Our current Managing Partner Alasdair Cummings joined Lindsays in 1986 as a trainee solicitor. On his first day, a partner who needed help with a task summoned him up to his office by loudly calling “Cummings, my office” down the stairwell. Partners were addressed as “Mr” or “Mrs” whilst one or two were routinely called “Sir”.
Other colleagues also remember the more formal office environment of the 1970s and 1980s. As a young solicitor, our Chairman David Reith was reprimanded for using the “wrong” door to a partner’s office – the one reserved for clients and partners. And partner Callum Kennedy recalls, “When I became a partner, one of the older partners said to me ‘Now you’re a partner, you may call me by my first name. Do you know what it is?’”
The traditional, ‘closed-door’ culture was typical in Edinburgh law firms at the time, and it was exacerbated by the physical limitations of having offices in Georgian townhouses. Lindsays’ introduction of a more modern culture was helped by the move to open-plan offices at Caledonian Exchange in 2006.
One important aspect of the Lindsays culture today is transparency. “When I was a young lawyer, you knew nothing about what was going on – the partners had all the information and you were maybe told once a year how the firm was getting on,” explains Alasdair Cummings.

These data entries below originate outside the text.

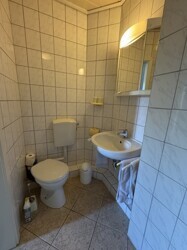 Badezimmer 2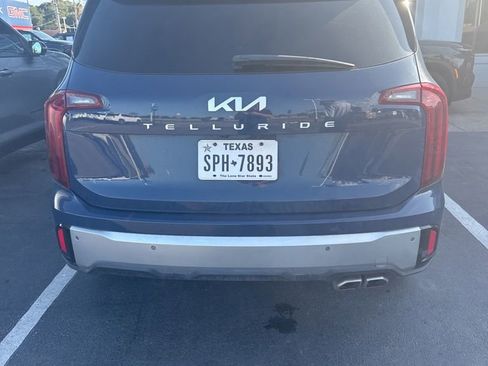 Used 2023 Kia Telluride S FWD image 2
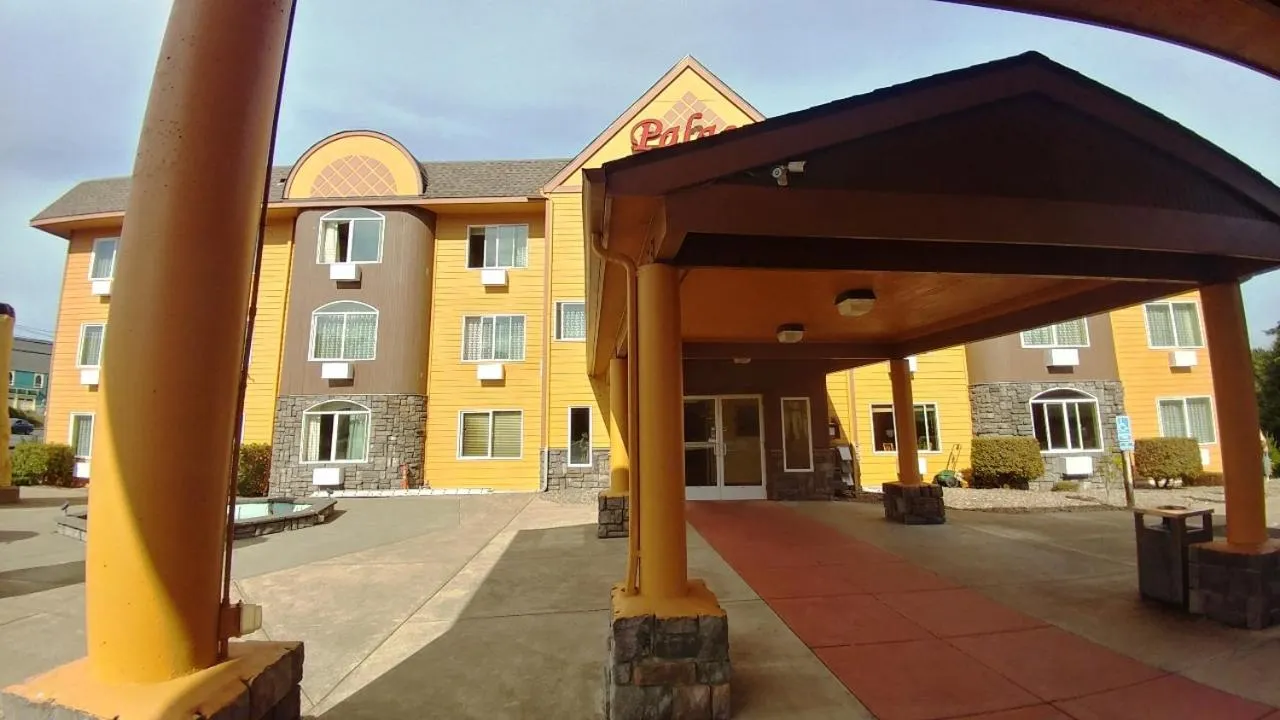 Palace Inn & Suites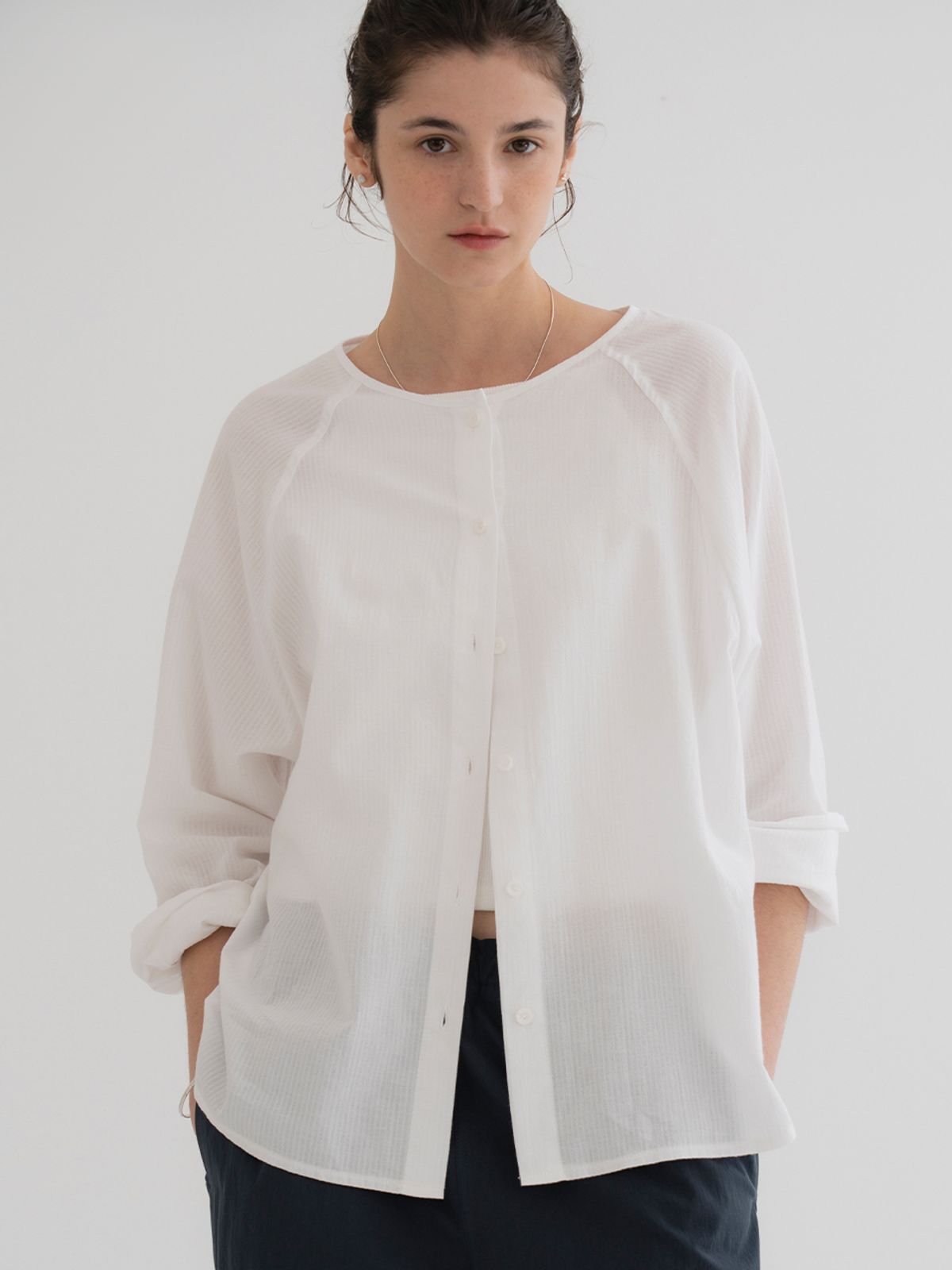 더미튼(THEMITTEN) [11th] Paper cotton blouse (white)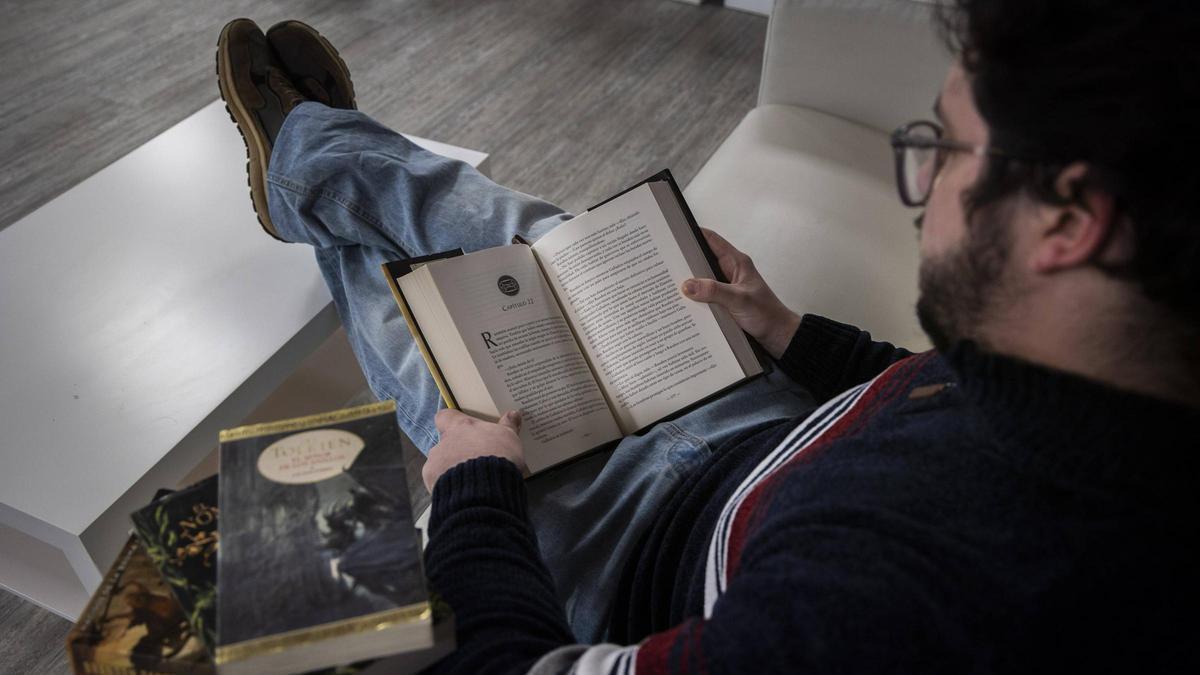 Un lector leyendo un libro.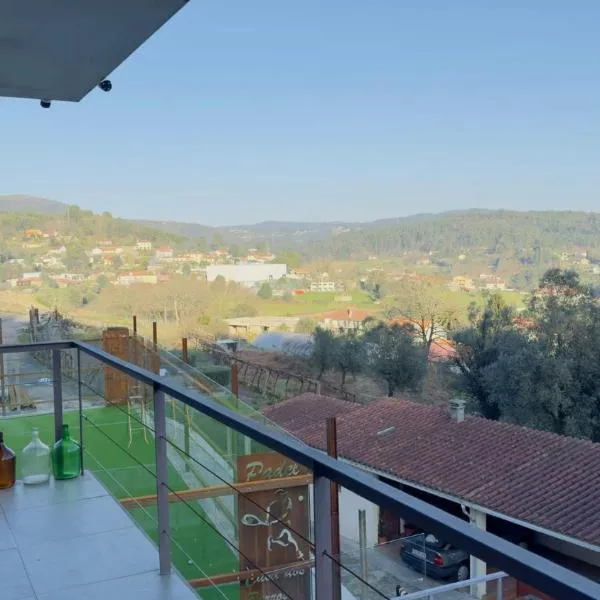 Casa LOS PADEL - Vitorino dos Piães, hotel v destinaci Vitorino dos Piães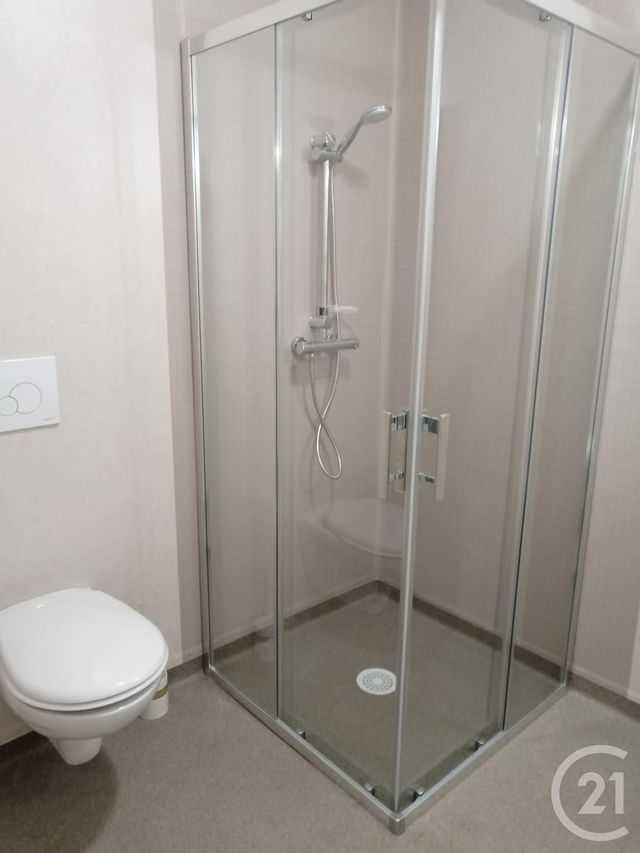 Appartement T2 à louer - 2 pièces - 42.7 m2 - ONET LE CHATEAU - 12 - MIDI-PYRENEES - Century 21 Foch Immobilier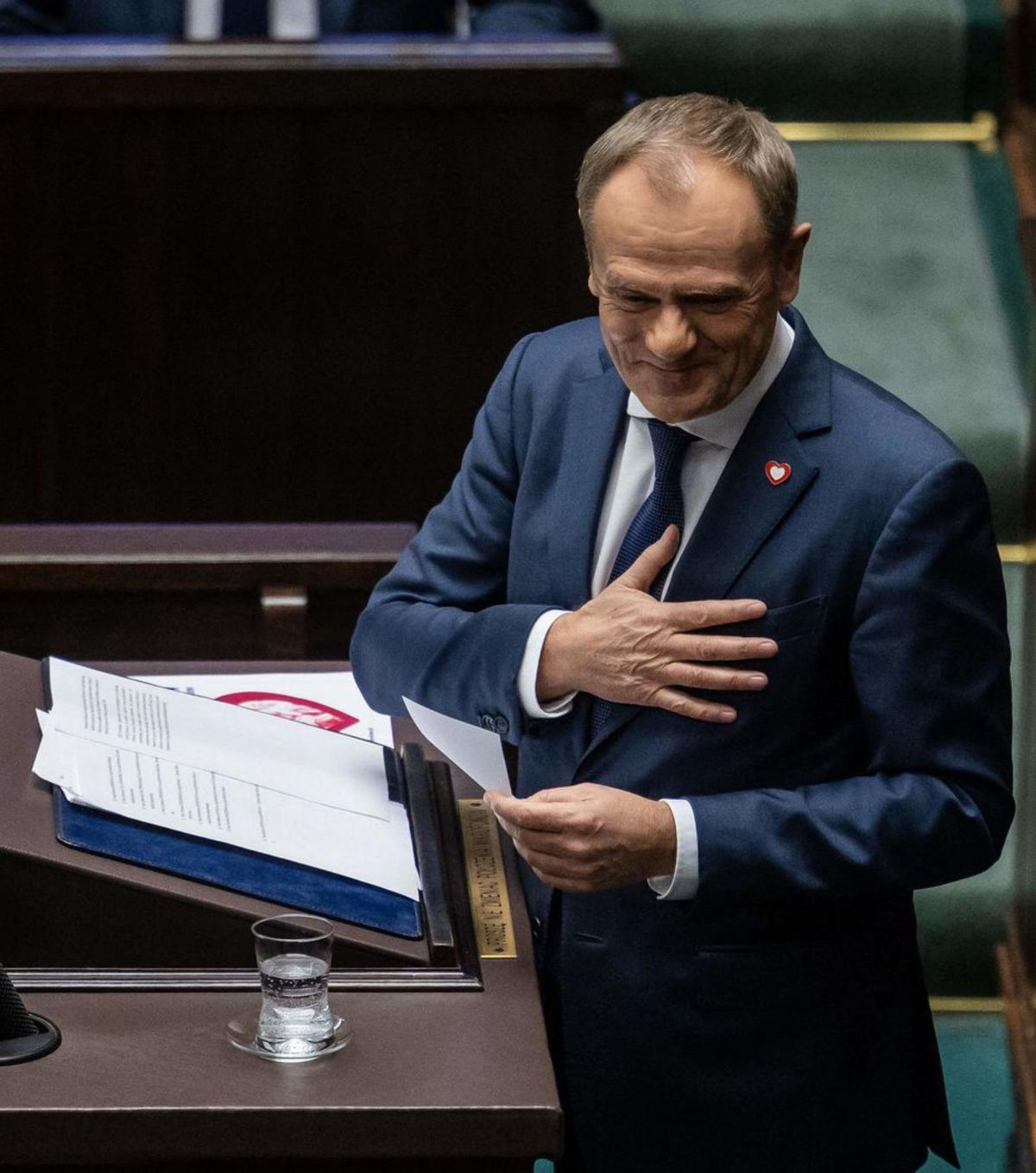 Tusk es llança a  la "regeneració democràtica"  de Polònia
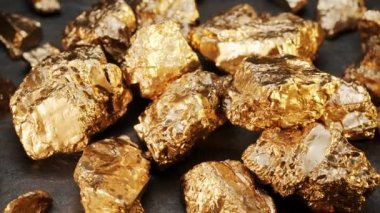 Siyah arka planda bir grup altın külçesinin etrafında dön. Büyük ve küçük altın taşlar, makro fotoğrafçılık..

“We’re far more open now. We’re very transparent about our performance and what our goals are. Our recent three year strategic review paper, once approved by the partners, has been presented by Ian Beattie, our COO, and me to all of our staff across our offices - with follow-up update meetings every six months or so. "I take the view that we’re genuinely all in this together and everybody is part of the team. I’d rather all staff know what we’re trying to achieve and how we’re going to get there. Communication to me is absolutely key in our business – with our people as well as our clients.”
This culture is reinforced through our personal approach to providing client service and the value we place on loyalty, to and from clients and our people.
Some of the old-school lawyers of the nineteenth and twentieth centuries perhaps would have disapproved of this openness. But we like to think that others would approve: good lawyers and law firms move with the times.